Why Speak on Social Media
Indie developers' biggest disadvantage is no marketing budget. You can't afford ads or PR firms. But social media is free, and it has an advantage traditional marketing can't match: people trust people more than companies.
When you share the development process as an individual, people feel they're following a real person, not a cold company. This connection is more effective than any ad.
And social media's spread is exponential. One good post might get shared hundreds of times, reaching tens of thousands. If you bought this exposure with ads, might cost thousands of dollars.
What Is Build In Public
Build In Public is openly sharing the product development process. You share problems encountered, decisions made, progress achieved-letting others see how the product was built step by step.
This isn't simply posting ads saying "my product launched, come use it". It's sharing real process: solved a bug today, user gave new requirement feedback, revenue hit a milestone, tried a marketing method that failed.
Why does this work-> Because people love stories. An indie developer building a product from scratch, encountering difficulties, solving problems, achieving small wins-this is a resonant story. People cheer for the protagonist; when product launches, they naturally support it.
Another benefit is getting feedback.
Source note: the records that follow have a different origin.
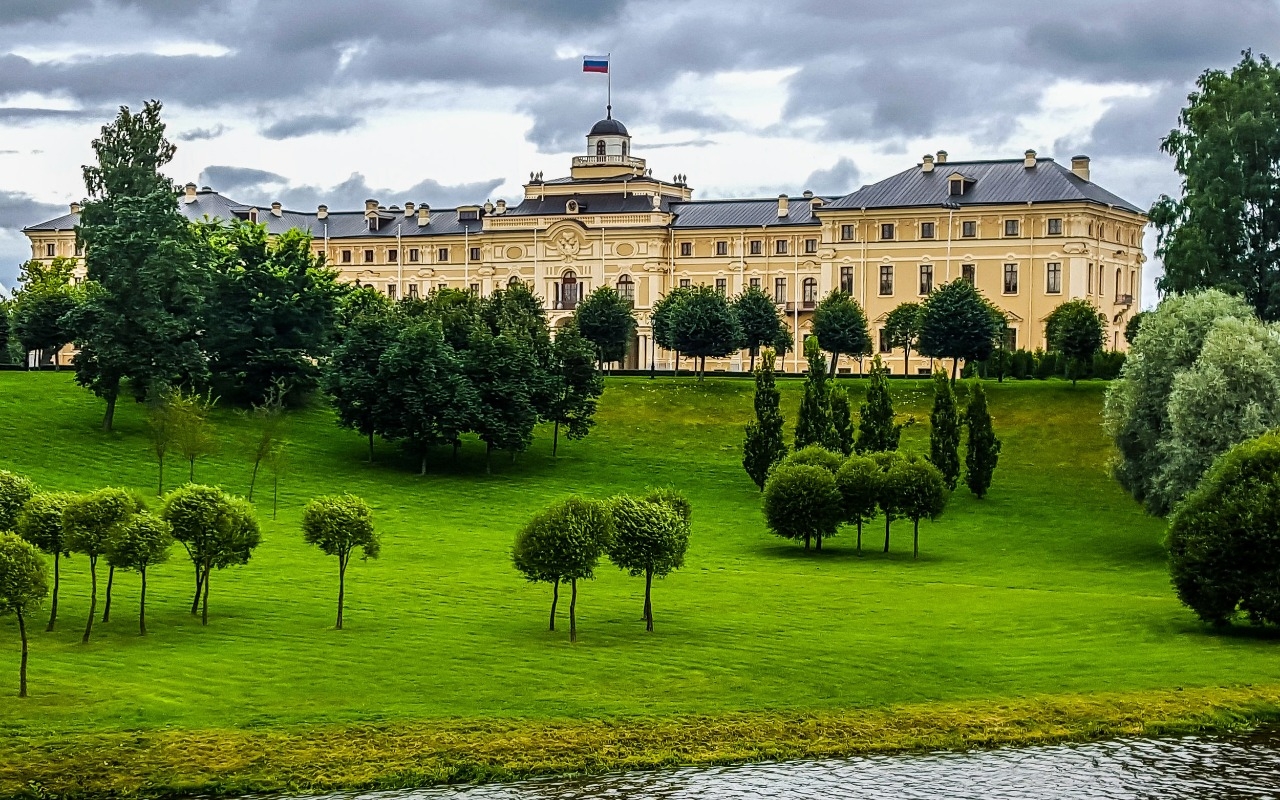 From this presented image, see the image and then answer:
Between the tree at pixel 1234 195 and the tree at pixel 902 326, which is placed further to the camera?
the tree at pixel 902 326

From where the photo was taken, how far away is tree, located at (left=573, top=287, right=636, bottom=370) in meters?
102

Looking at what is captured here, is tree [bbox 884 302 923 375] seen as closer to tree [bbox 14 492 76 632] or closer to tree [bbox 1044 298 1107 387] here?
tree [bbox 1044 298 1107 387]

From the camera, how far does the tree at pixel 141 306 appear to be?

When you openly share development, experienced people might point out your problems, potential users might tell you what they really need. This feedback helps you avoid detours before product completion.
Choose Platform: Start with One
Many social media platforms, but limited energy. Recommend picking one platform to go deep first-don't spread thin.
Twitter/X is the most active platform for indie developers. Under #buildinpublic, #indiehackers hashtags are lots of entrepreneurs sharing. This circle is friendly to indie devs-your target users might be here.
If you're doing B2B products, LinkedIn might be more suitable. Users here are more professional; long-form content performs better than short. Sharing industry insights and work experience often works well.
If targeting domestic users, Xiaohongshu (RED) and Jike are two platforms worth trying. Xiaohongshu has lots of tool sharing and tutorial content. Jike has an active indie developer community-posting in the #indie-developer topic reaches target audience.
Reddit and Hacker News are also worth noting. High user quality but extremely sensitive to self-promotion. On these platforms, you need to first become a community member, consistently provide value, only occasionally mention your product.
What Content to Post
Don't know what to post-> This is many people's confusion. Actually just remember one principle: share authentically.
Progress updates are the most common content. What feature you worked on today, what bug you fixed, what technical problem you solved. Doesn't need to be big progress every day-small progress is worth sharing too. "Day 7: Finally got user login working"-this content looks simple but shows followers you're constantly working.
Data sharing is particularly attractive. Visitor count, signups, revenue-people love seeing these. Transparently sharing data makes you seem genuine and trustworthy. "This week: 1234 visitors, 89 signups, $127 revenue"-these posts usually have high engagement.
Lessons learned is high-value content. Mistakes you made, detours you took-warnings for others. "I thought users wanted X, turns out they only needed Y"-these posts are educational and resonate.
Asking for feedback is also content. Wrestling with a decision-> Post and ask everyone. What price to set, how to design a feature, which logo to pick-posting these not only gets valuable suggestions but makes followers feel involved with your product.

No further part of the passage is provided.